Et dans mon coeur un décalcomanie

Pour l’amour, les souvenirs de silence sont mes préférés. C’est con,  je dois compter parmi les 10 personnes les plus bavardes de Seine-Saint-Denis. Mais… ce moment où l’on rate le premier baiser. Ce moment où tout est possible et où on ne fait rien. Ce moment que j’ai vécu quelquefois et dont je chéris davantage le souvenir que celui du premier baiser. On marche à côté de l’autre, souvent. Parfois le silence ponctue un bavardage plus ou moins pudique, parfois il dure des minutes entières. L’instant de grâce s’arrête parce que les bulles sont faites pour éclater.

J’attends le premier mort dégueu dans les films d’horreur et le premier baiser dans les comédies romantiques. C’est mon côté “fille de la campagne”, j’aime pas bien qu’on me mente, alors j’attends d’un film qu’il tienne ses engagements.

heures

”Quelques heures de printemps” est peu engageant. En milieu rural, une femme plutôt âgée et aigrie choisit l’euthanasie lorsqu’elle se sait malade. Elle n’en parle pas, mais  son fils qui vit avec elle depuis sa sortie de prison découvre sa décision. Là, on comprend bien pourquoi j’ai gardé le film chez moi au moins trois ans avant que ne me vienne l’envie de le regarder.

Il comporte pourtant une de mes scènes de baiser préférées. Un non-baiser. Un “on en a tous les deux envies mais c’est trop con, c’est trop tard”. Olivier Perrier embrasse Hélène Vincent sur la joue et il y a là plus d’amour que dans n’importe quelle glucoserie qu’on vend aux filles. Y a un truc avec Stéphane Brizé. Il choisit un terreau ordinaire et fait pousser dessus un genre d’amour auquel on croit et qui renverse. Précisément grâce à l’ordinaire autour. Précisément parce qu’il y a du ratage dans l’air.
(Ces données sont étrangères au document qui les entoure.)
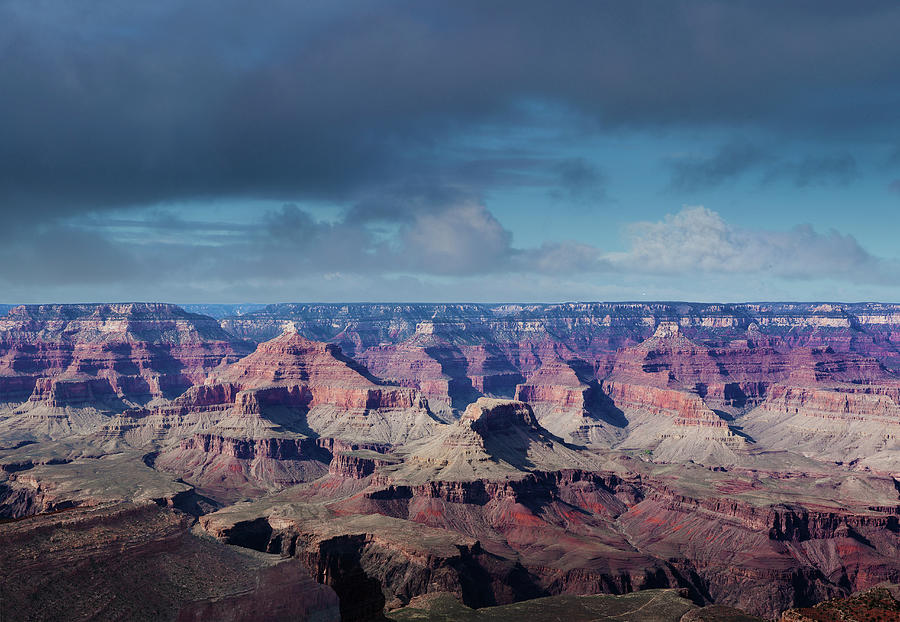 Grand Canyon National Park #3 Photograph by Ed Freeman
Y a du supermarché dans “La loi du marché”, “Quelques heures de printemps”, “Entre adultes”, y a de la lumière dégueu, des gens habillés avec un goût inégal, et de l’amour. Celui qu’on ne dit pas spécialement, ou pas trop bien. Ou pas du tout. Olivier Perrier et Hélène Vincent sont voisins depuis toujours, elle fait des gâteaux, il les trouve fabuleux. Ils passent leur vie l’un à côté de l’autre à parler de la météo et du nouveau coiffeur du bled. C’est exactement comme un mariage, finalement. Mais l’occasion de leur premier baiser se présente quand il sait qu’elle veut mourir.  Après des années à côté d’elle, il fait cet unique geste. Une bise appuyée. Longue. Silencieuse.  Qui met au tapis.